On 07/09/2016 02:14 PM, Marcin Sura wrote:
Hi,
Friend of mine asked me about evaluation of XFS for their purposes. Currently
I don't have physical access to their system, but here are the info I've got
so far:
SAN:
- physical storage is from FSC array, thin provisioned raid 6 volume,
- volumes are 100TB+ in size
- there are SSD disks in the array, which potentially can be used for journal
- storage is connected to the host via 10GbE iSCSI
Host:
- They are using CentOS 6.5, with stock kernel 2.6.32-*
- System uses all default values, no optimization has beed done
- OS installed on SSD
- Don't know exact details of CPU, but I assume some recent multicore CPU
- Don't know amount of RAM installed, I assume 32GB+
NFS:
- they are exporting filesystem via NFS to 10-20 clients (services), some VMs,
some bare metal
- clients are connected via 1GbE or 10GbE links
Workload:
- they are storing tens or hundreds of millions of small files
- files are not in single directory
- files are undek 1K, usually 200 - 500 bytes
- I assume, that some NFS clients constantly write files
- some NFS clients initiates massive reads, millions of random files
- those reads are on demand, but during peak hours there can be many of such
requests
So far they were using Ext4, after some basic test they observed 40%
improvement in application counters. But I'm afraid that those tests were done
in environment not even close to the production (not so big size of
filesystem, not so much files).
I want to ask you what would be best mkfs.xfs settings for such setup.
I assume, that they should use inode64 mount option for such large filesystem
with that amount of files, but I'm a bit worried about compatibility with NFS
(default shipped with CentOS 6.5). I think inode32 is totally out of scope here.
Any other hints for setting this stuff up?
Probably some recent OS/kernel would also help a lot, right?
Also, do you know any benchmark which can be used to simulate such workload?

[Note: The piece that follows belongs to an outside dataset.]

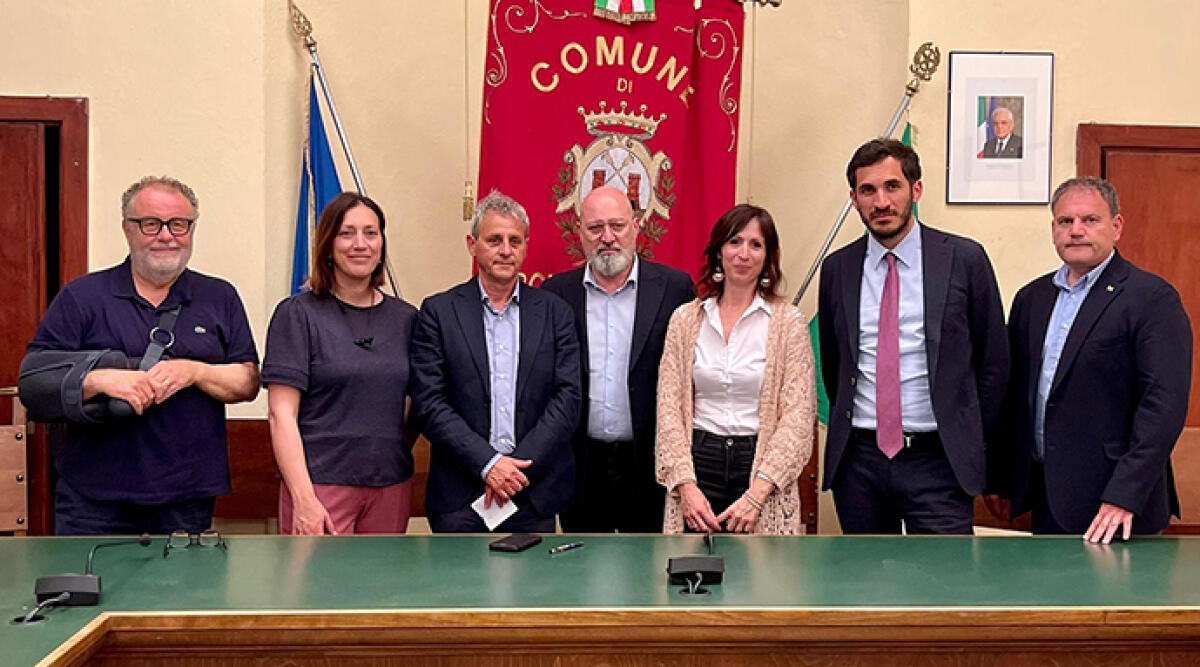 Presidente Bonaccini visita Roncofreddo per valutare gli effetti dell'alluvione - L'incontro a Roncofreddo con Stefano Bonaccini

I've googled a lot, but there is quite short list of multi-threaded, small
files oriented benchmarks. To be honest, I've found only
https://github.com/bengland2/smallfile to be close to what I need. Any other
alternatives?
BR
Marcin
I think that is a good test to explore - Ben wrote that for exactly this kind of
workload.
For a single system (i.e., performance a single NFS client or local file
system), you could also test using fs_mark.